Compiling Acpi support in modules for everything who offer this choice will reduce the size of the kernel. It's not mandatory to have Acpi in the kernel image. You dont need it for early use.

----------

## Orionos

Thanks for the reply. As it turns out through some impatient Googling the dusty corners of the Interwebz, that's probably what blew up my first system (although I still don't know why switching back my kernels didn't fix it, maybe a module got stuck somewhere). This series of Atoms only support 'Userspace' and 'Performance', they don't do frequency scaling. If I manually set the governor to ondemand/conservative, it instantly bounces back to performance.

Normally, the 'acpi-cpufreq'-module should fill those directories, I think. Governors come after. Which doesn't work in this case.
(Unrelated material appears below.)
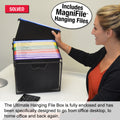 Ultimate Office Mesh Hanging File Organizer complete with 5 (or 10 or 15), Black or Frost MagniFiles™ with Assorted Color Indexes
I had to resort to the old-school 'p4-clockmod', which doesn't actually run the cpu at lower frequencies, it just skips cycles. I hadn't picked that before, because the description states it's for older CPU's only. When loading p4-clockmod, it instantly fills my cpufreq directories. I can then use 'cpupower' to run at 200Mhz, which may still cost electricity, but it does lower temperature and as a result spins down my fans.

Now to figure out what I can do to calm down the rest of the system.

PS 'cpufrequtils' doesn't appear to have been in the gentoo portage tree for a while, forcefully masked before that. Still in funtoo, I think. At least in the funtoo-overlay, which makes python blow up in my face, unfortunately (I want 'boot-update'!)   :Sad: 

----------